EDBT/ICDT 2009 Joint Conference

Electronic Conference Proceedings

Data Integration Flows for Business Intelligence

Authors

Abstract

Business Intelligence (BI) refers to technologies, tools, and practices for collecting, integrating, analyzing, and presenting large volumes of information to enable better decision making. Today’s BI architecture typically consists of a data warehouse (or one or more data marts), which consolidates data from several operational databases, and serves a variety of front-end querying, reporting, and analytic tools. The back-end of the architecture is a data integration pipeline for populating the data warehouse by extracting data from distributed and usually heterogeneous operational sources; cleansing, integrating and transforming the data; and loading it into the data warehouse. Since BI systems have been used primarily for off-line, strategic decision making, the traditional data integration pipeline is a one-way, batch process, usually implemented by extracttransform- load (ETL) tools. The design and implementation of the ETL pipeline is largely a labor-intensive activity, and typically consumes a large fraction of the effort in data warehousing projects. Increasingly, as enterprises become more automated, data-driven, and real-time, the BI architecture is evolving to support operational decision making. This imposes additional requirements and tradeoffs, resulting in even more complexity in the design of data integration flows. These include reducing the latency so that near real-time data can be delivered to the data warehouse, extracting information from a wider variety of data sources, extending the rigidly serial ETL pipeline to more general data flows, and considering alternative physical implementations. We describe the requirements for data integration flows in this next generation of operational BI system, the limitations of current technologies, the research challenges in meeting these requirements, and a framework for addressing these challenges. The goal is to facilitate the design and implementation of optimal flows to meet business requirements.

About the Speaker

Umeshwar Dayal (Hewlett-Packard Labs, USA)
Umeshwar Dayal

Umeshwar Dayal is an HP Fellow in the Intelligent Information Management Lab at Hewlett-Packard Laboratories, Palo Alto, California. In this role, he has initiated research programs in enterprise-scale data warehousing, scalable analytics, and information visualization.

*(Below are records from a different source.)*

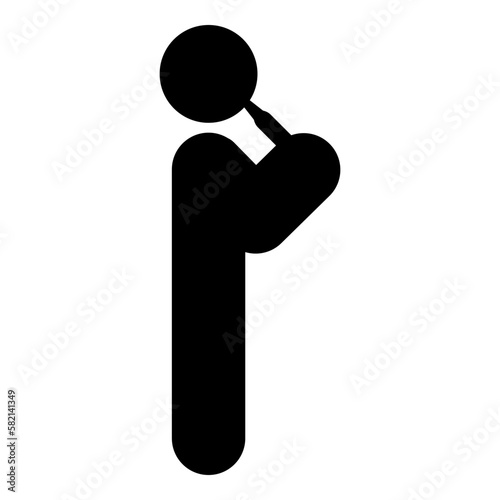 Man drinking alcohol from bottle of beer wine drunk people concept stick use beverage drunkard booze standing icon black color vector illustration image flat style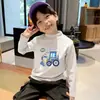 Camisa Base Versátil de Pelúcia para Meninos Gola Meia-alta Outono/Inverno Tamanhos Médio e Grande Roupa Íntima Infantil Pulôver Novo 2026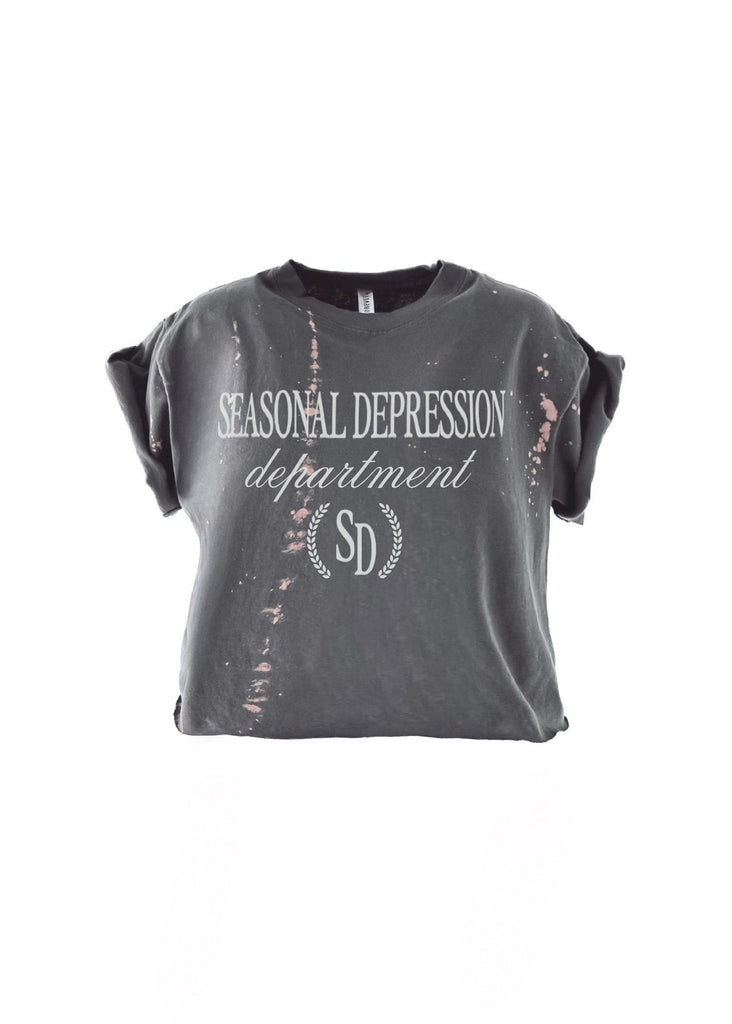 pebby forevee Side Slit Tee CROPPED SEASONAL DEPRESSION DEPARTMENT BLEACHED OUT GRAPHIC TEE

Umesh has nearly 30 years of research experience in data management and has made fundamental contributions in the field, including developing some of the basic techniques for managing federated databases, defining mechanisms for triggering transactions and database rules, and investigating query optimization strategies, especially in heterogeneous systems. In addition, he has done important work in long-duration transactions, business process management, and database design. He has published over 160 research papers and holds over 25 patents in the areas of database systems, transaction management, business process management, business intelligence and information visualization. In 2001, he received (with two co-authors) the prestigious 10-year best paper award from the International Conference on Very Large Data Bases for his paper on a transactional model for long-running activities.

Prior to joining HP Labs, Umesh was a senior researcher at DEC's Cambridge Research Lab, Chief Scientist at Xerox Advanced Information Technology and Computer Corporation of America, and on the faculty at the University of Texas-Austin. He received his PhD from Harvard University.

Umesh has served on the Editorial Board of four international journals, and he has chaired and served on the Program Committees of numerous conferences. Most recently, he was General Program Chair of VLDB 2006. He has served as a member of the Board of the VLDB Endowment, the Executive Committee of the IEEE Technical Committee on Electronic Commerce, and the Steering Committee of the SIAM International Conference on Data Mining; and as a founding member of the Board of the International Foundation for Cooperative Information Systems.

Session

EDBT Invited Talk: Data Integration Flows for Business Intelligence (Tuesday, March 24, 09:00—10:30)